TASK OBJECTIVE ▸
Output the entries as they appear, skipping images.

[[ DATA FOR THIS TASK open ]]

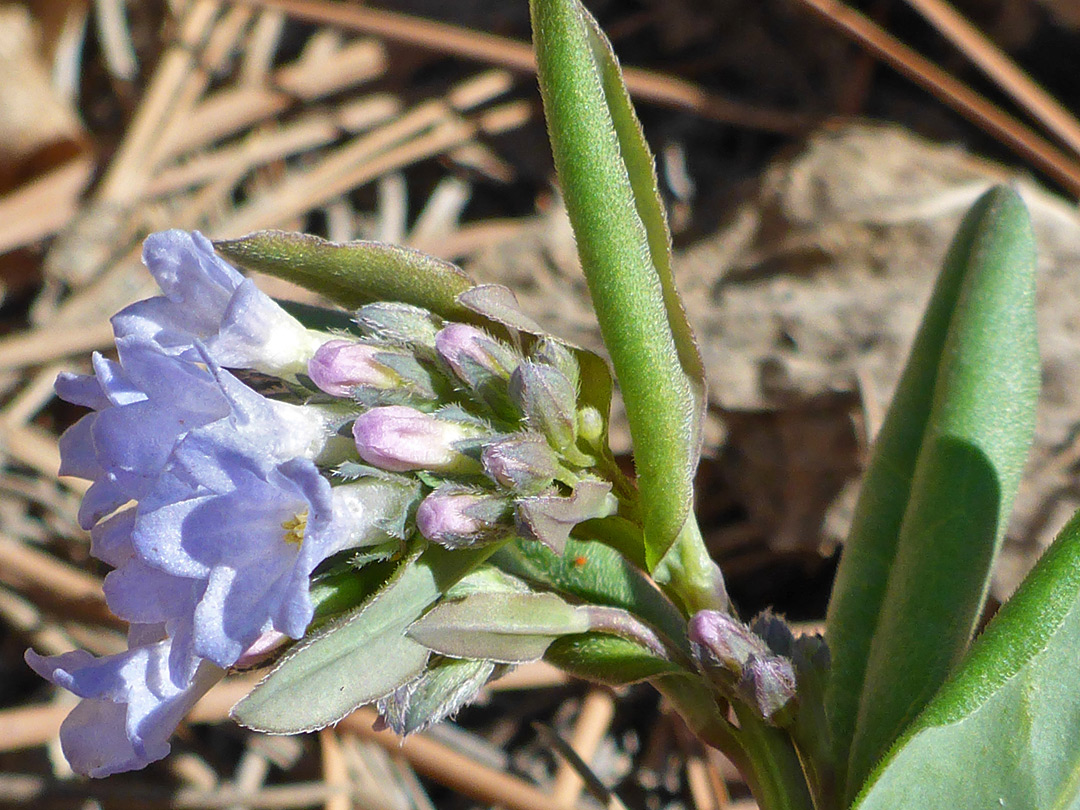 Developing inflorescence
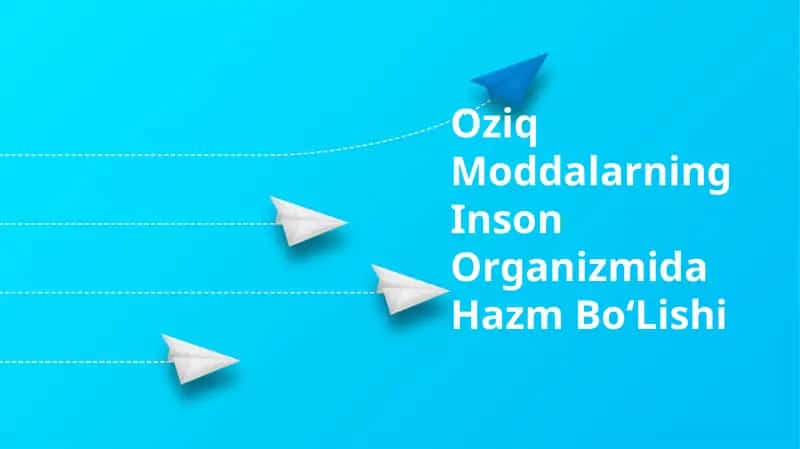 Oziq Moddalarning Inson Organizmida Hazm Bo‘Lishi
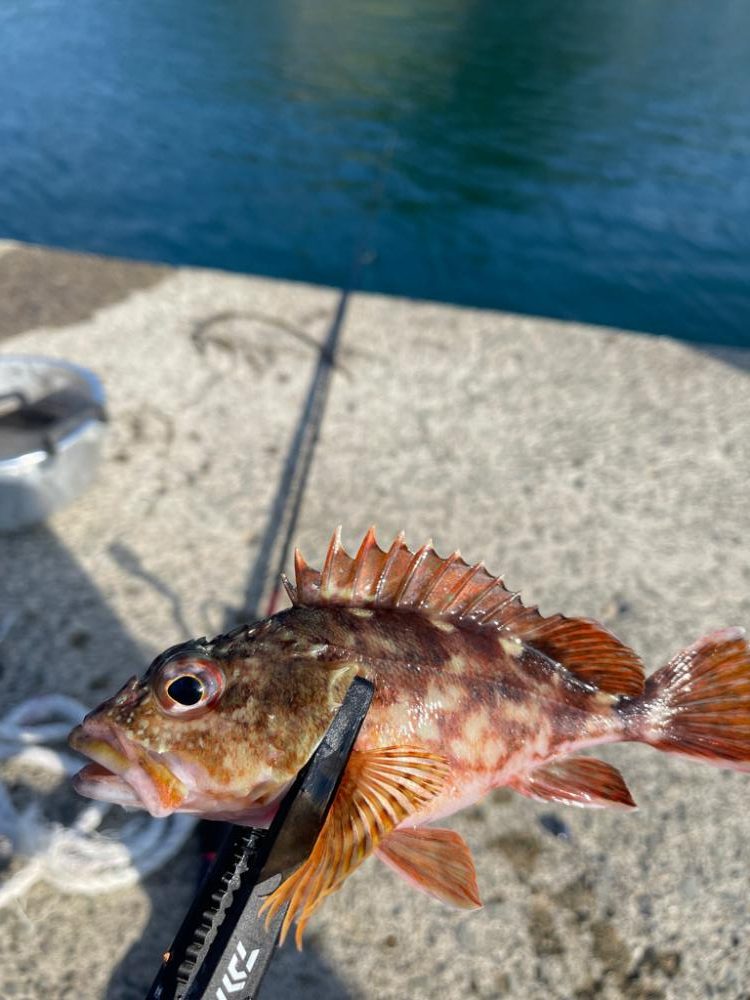 ガシラ×ぶっ込み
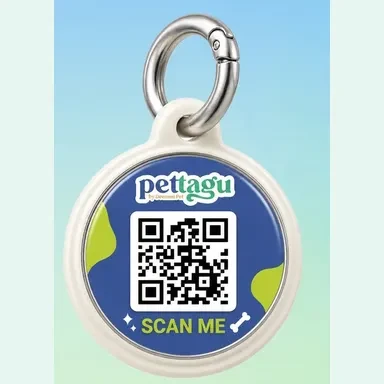 New Pettagu Tag 4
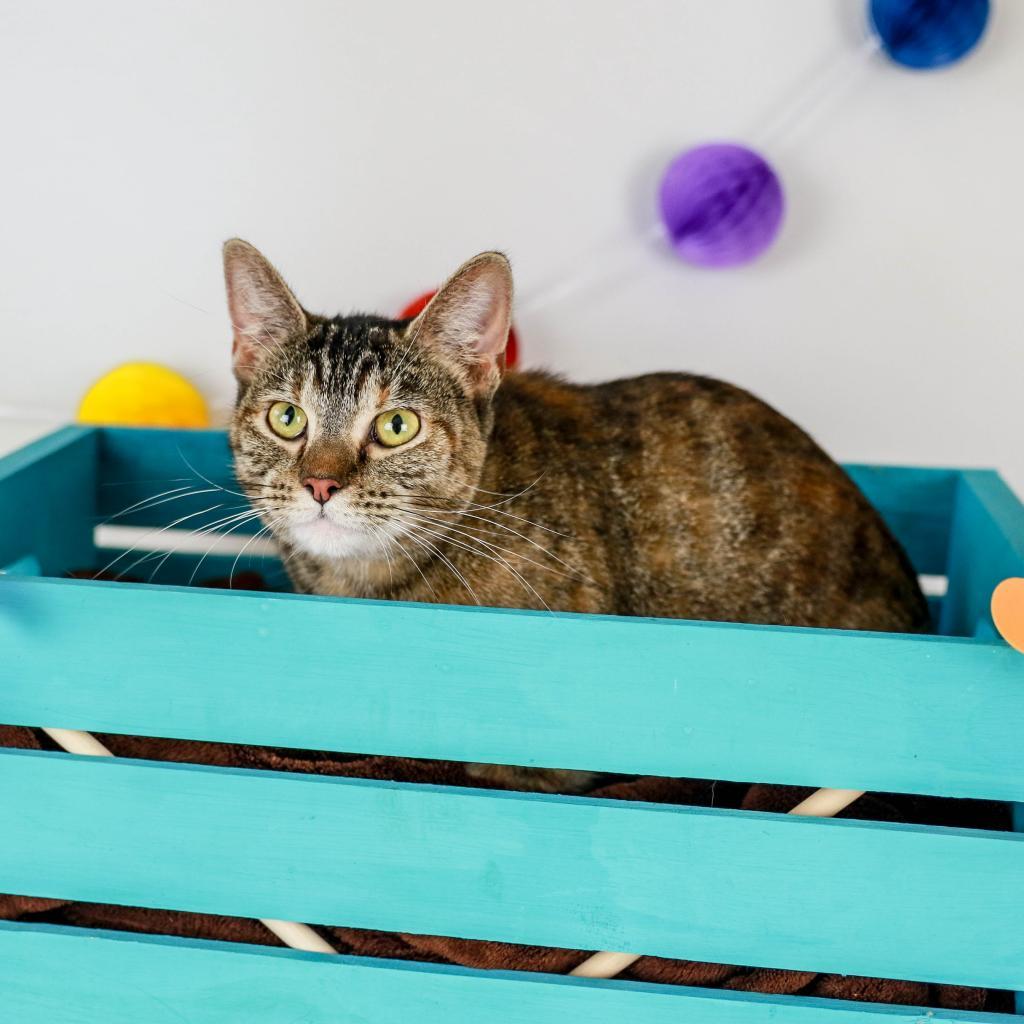 Funny, Adoptable, Adult Female American Shorthair.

[[ DATA FOR THIS TASK closed ]]

OUTPUT ▸
 Developing inflorescence
 Oziq Moddalarning Inson Organizmida Hazm Bo‘Lishi
 ガシラ×ぶっ込み
 New Pettagu Tag 4
 Funny, Adoptable, Adult Female American Shorthair.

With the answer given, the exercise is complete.